Not all users visiting your site are human. Many of the requests made for your site and its content come from bots and other forms of automation. This rise in automated–often malicious–traffic leads to costly and unmanageable strain on your security staff and resources.
But before determining how to block bots from a website, you must first ask yourself a few key questions about your website and your business needs. Use the information in this page to not only find how to block bots from a website, but more importantly, find how to block bots from your website.
Humans vs. Bots: How Can I Tell?
On its surface, a visit from a human and a bot may appear nearly identical. Bots can appear as normal users, with an IP address, browser and header data, and other seemingly identifiable information. But dig a bit deeper by collecting and reviewing in-depth analytics and other request data and you’ll be able to find the holes in the bots’ disguises.
This research stage is time-consuming and complex, and must be dealt with before deciding how to block bots from a website. Bad Bots vs. Good Bots: What’s the Difference?
Now that you’ve separated human traffic from bot traffic, you can dig a bit deeper to see which bots are good and which are bad. Good bots include search engine crawlers (Google, Bingbot, Yahoo Slurp, Baidu, and more) and social media crawlers (Facebook, LinkedIn, Twitter, and Google+).
Generally, you want to allow these good bots access to your site, since they help humans find and access your site. Bad bots include any bots that are engineered for malicious use.
These bots attempt scraping, brute force attacks, competitive data mining causing brownouts, account hijacking, and more.
Knowing the difference between the bots visiting your site lets you take action on bad bots and allow access to good bots.
What Are the Bad Bots Targeting?
Bots are tailored to target very specific elements of a website, but can affect more than just stolen content, spammed forms, or account logins. The Open Web Application Security Project (OWASP) published the Automated Threats Handbook for Web Applications, which profiles the Top 20 automated threats and categorizes each threat as one of four types:
- Account Credentials – Includes account aggregation, account creation, credential cracking, and credential stuffing.
- Payment Cardholder Data – Includes carding, card cracking, and cashing out.
- Vulnerability Identification – Includes footprinting, vulnerability scanning, and fingerprinting.
- Other – The catch-all category. Includes, ad fraud, CAPTCHA bypass, denial of service, expediting, scalping, scraping, skewing, sniping, spamming, and token cracking.
So answering the question of how to block bots from a website depends on which threats the site is experiencing.

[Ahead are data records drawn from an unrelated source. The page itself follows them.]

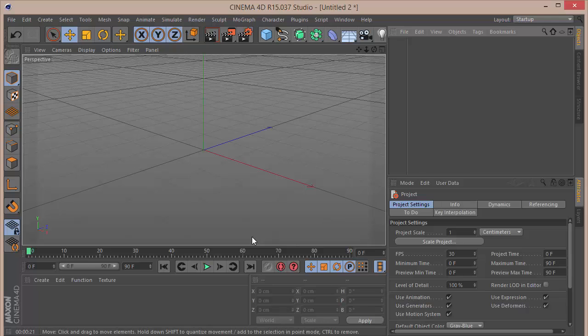Hey guys, welcome back, hope you're all doing well. In today's tutorial we'll be learning to make some simple animation.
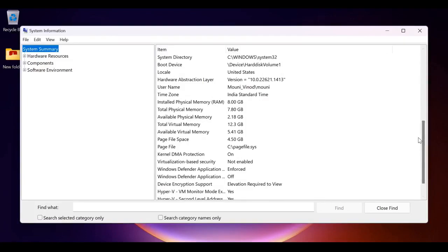So in this way we can check system information in your laptop. For more videos please like, share, and subscribe to our channel. Thank you.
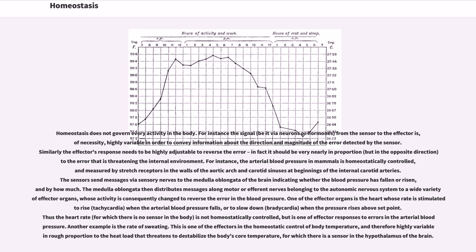The arterial blood pressure in mammals is homeostatically controlled and measured by stretch receptors in the walls of the aortic arch and carotid sinuses at the beginnings of the internal carotid arteries. The sensors send messages via sensory nerves to the medulla oblongata of the brain indicating whether the blood pressure has fallen or risen, and by how much. The medulla oblongata then distributes messages along motor efferent nerves belonging to the autonomic nervous system to a wide variety of effector organs. One of the effector organs is the heart, whose rate is stimulated to rise — tachycardia — when the arterial blood pressure falls, or to slow down — bradycardia — when the pressure rises above the set point. Thus, heart rate, for which there is no sensor in the body, is not homeostatically controlled, but is one of the effector responses to errors in the arterial blood pressure.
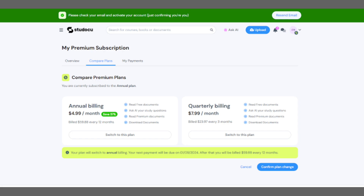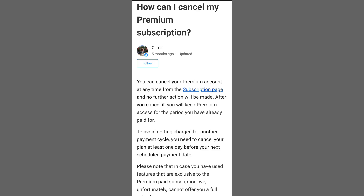First, I'll quickly go over two articles. Canceling a premium subscription: you can cancel your premium account anytime from the subscription page. Once cancelled, no further action is required.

How Do I Block Bad Bots from My Site?
The most basic means of blocking bad bots from your site involves blacklisting individual IP address or entire IP ranges. This approach is not only time consuming and labor intensive, but it is also a very small band-aid on a very large issue. Automated bots can cycle through hundreds or thousands of IP addresses at a time, meaning they’ll associate themselves with another IP moments after getting blocked.

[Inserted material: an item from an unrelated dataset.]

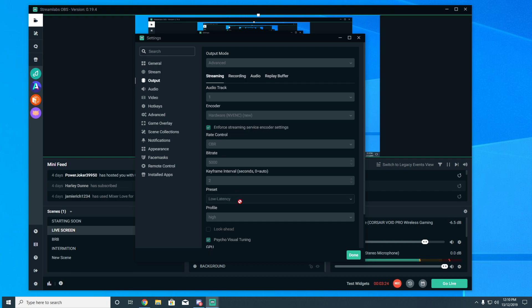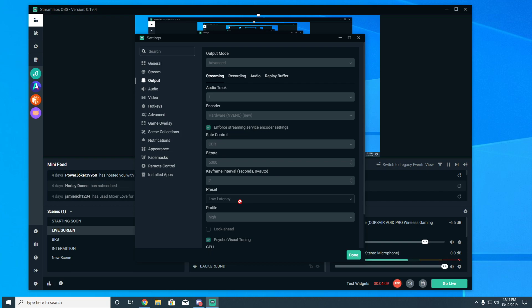On the encoder presets, you want to use what is appropriate for your computer specs. The higher up the list, the less CPU-intensive the profile will be. I run an i9 and a 1080 graphics card so I can use Low Latency — you might not be able to. Go step by step: put your stream on private, do a stream with the top preset, review it, then go down the list until you get stutter or dropped frames, then back up by one step.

You could also look at individual requests to check their attributes, such as correct user agent formatting. But even still, spoofing or emulating browsers is common practice and can easily get around cursory checks.
Another option is to establish challenges when you receive a curious or potentially threatening request. For example, below are a few graduated levels of threat responses:
- Monitor – Keep an eye on a bad bot’s activity while it moves through your site. Learn its habits and use its behavior to strengthen your protective measures against it when the time is right. Or, apply this learned knowledge to other bad bots visiting your site.
- CAPTCHA – This is the first actual layer of defense, as it presents a simple CAPTCHA test to a seemingly threatening visitor. CAPTCHA tests quickly and easily weed out simple automated bots that cannot read and supply a correct answer to the test, while allowing human users access upon completing the test.
- Block – Block pages offer an extra level of defense on top of a basic CAPTCHA test. You can block a visitor’s access to your site and have them submit a brief request form to your support or security team. Once reviewed and approved, the team allows the visitor’s access. Otherwise, if the request is not fully submitted or if the request is deemed malicious, the team entirely drops the request for good.
- Drop – The harshest threat response is dropping access entirely. This option does not provide any sort of recourse, be it a CAPTCHA test or an unblock request form. The visitor must move on to target another site.
Ideally, each of the options above should be as automated as possible. Doing so ensures bad bots are stopped as quickly as possible, while good, human users will only be slightly or momentarily impeded while visiting your site.
So while you could build, manage, and maintain your own bot defense campaign from scratch when trying to figure out how to block bots from a website, there are highly effective, pre-built solutions out there. Hire an external company or firm to design and implement a protective suite relatively quickly and make sure the bot defense industry’s best and brightest are on the job.